**Task description**
Reproduce exactly the run of lines that begins with the one containing "А можете привести" and ends with the last line of the records, omitting pictures.

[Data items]

+ + + +

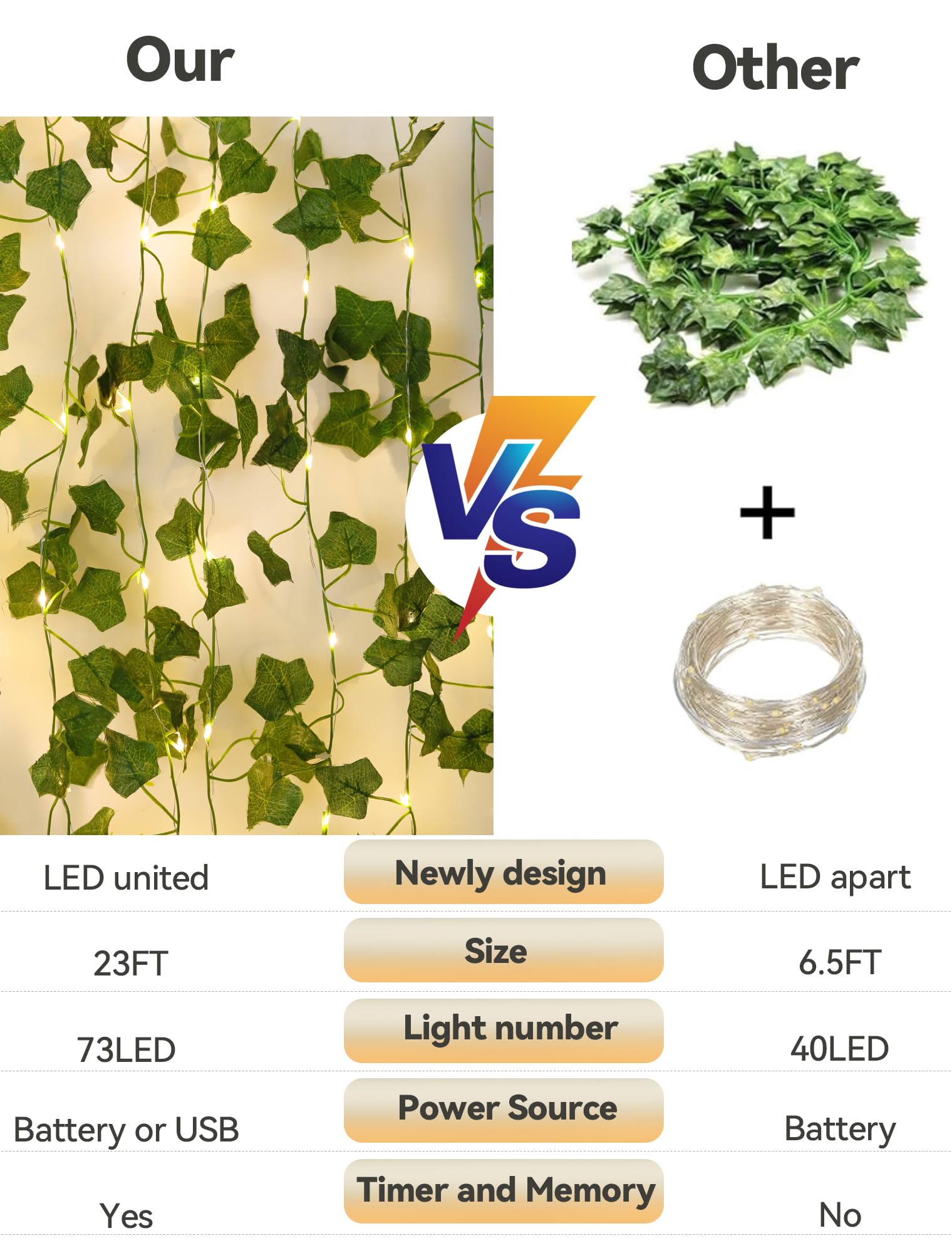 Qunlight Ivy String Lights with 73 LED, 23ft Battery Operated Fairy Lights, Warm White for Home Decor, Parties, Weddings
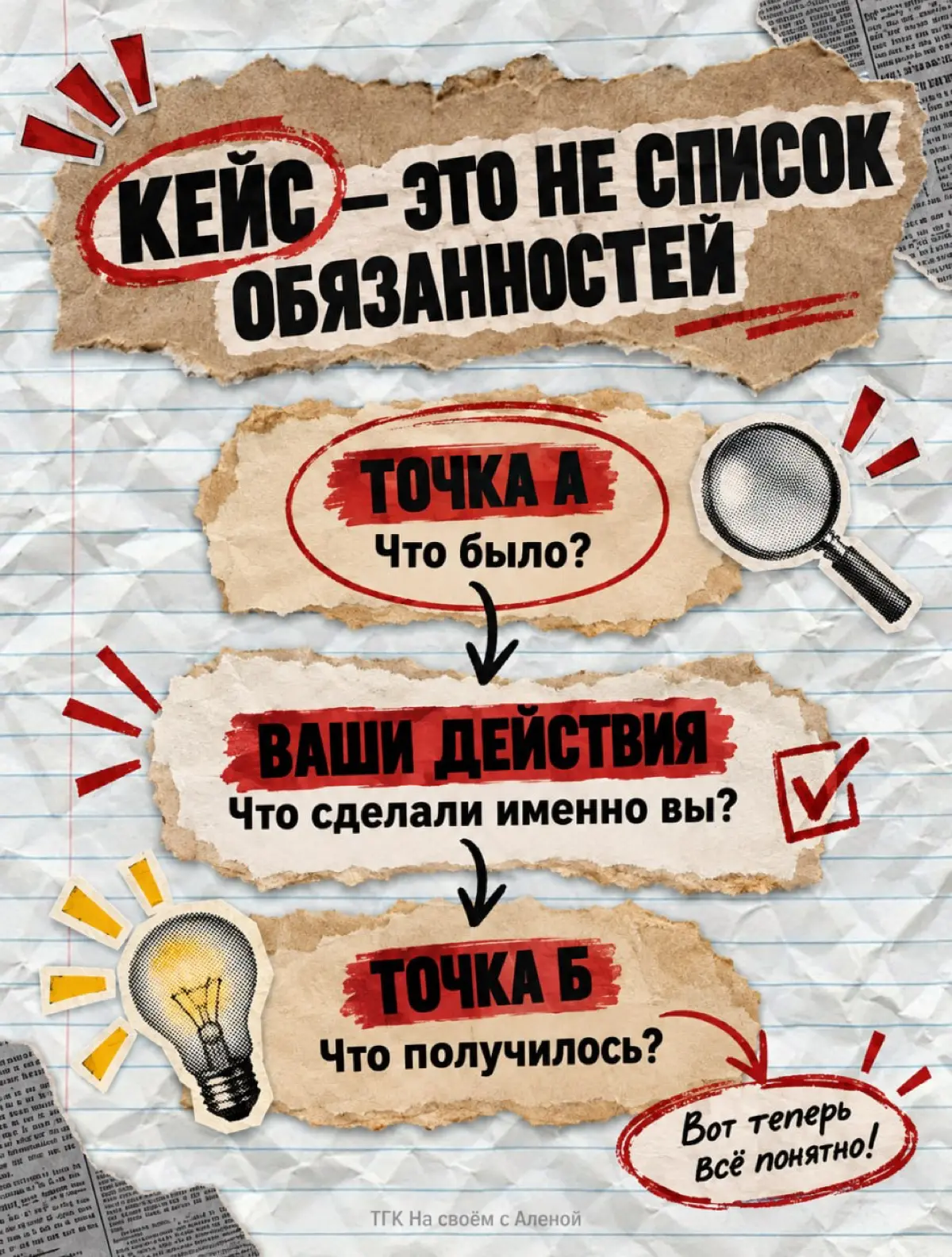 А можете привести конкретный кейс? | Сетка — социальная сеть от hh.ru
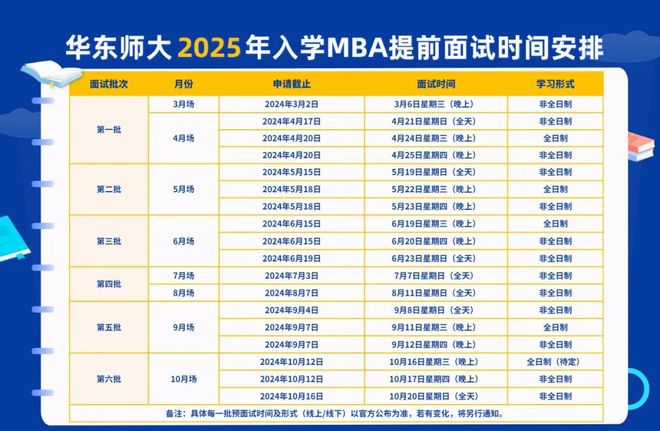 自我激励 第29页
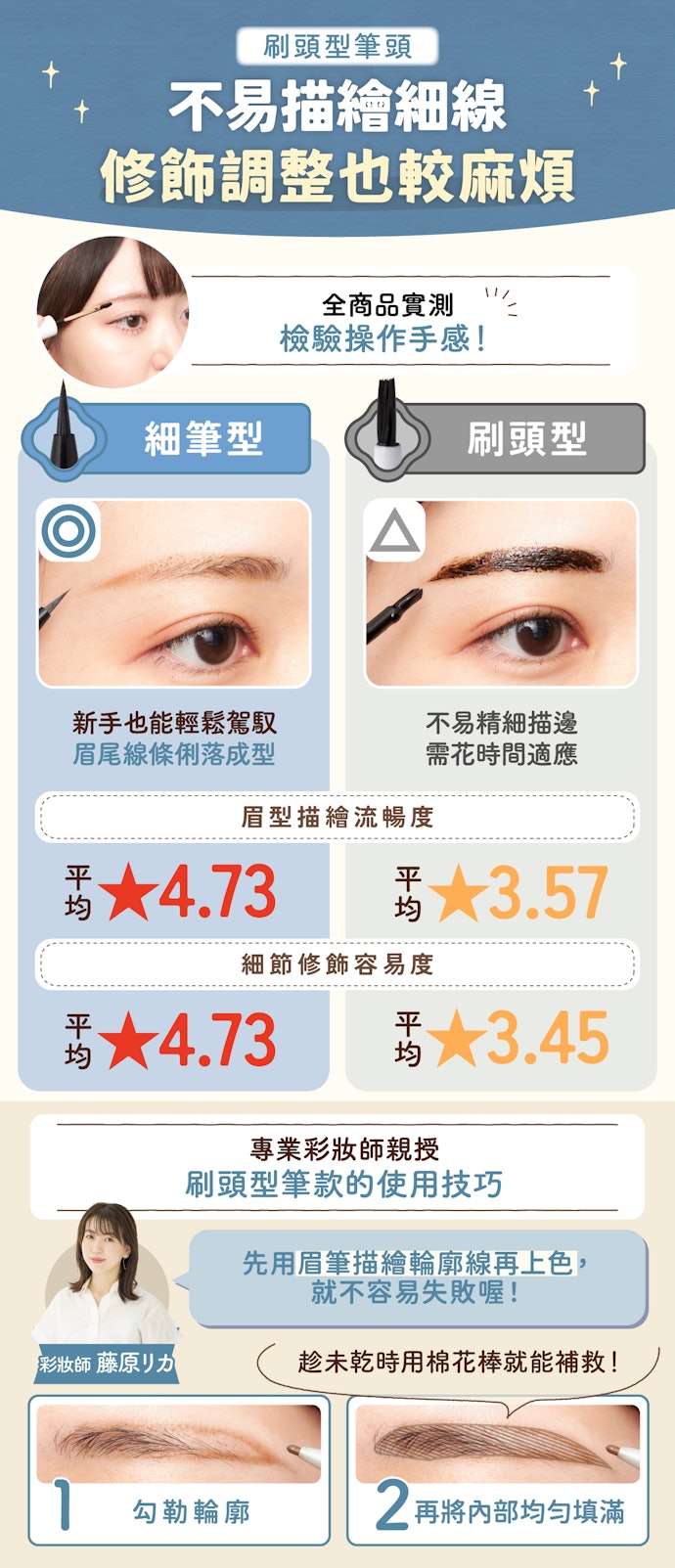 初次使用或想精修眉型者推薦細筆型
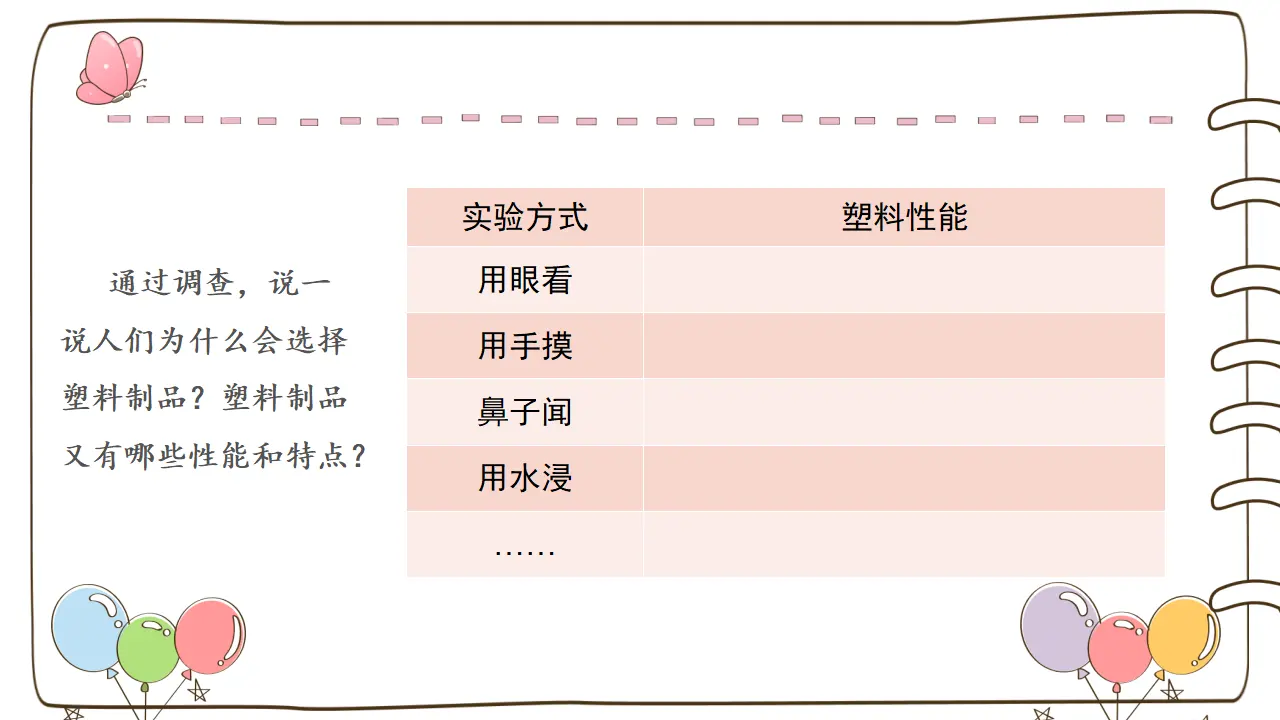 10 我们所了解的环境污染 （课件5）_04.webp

+ + + +

**Exercise result**
 А можете привести конкретный кейс? | Сетка — социальная сеть от hh.ru
 自我激励 第29页
 初次使用或想精修眉型者推薦細筆型
 10 我们所了解的环境污染 （课件5）_04.webp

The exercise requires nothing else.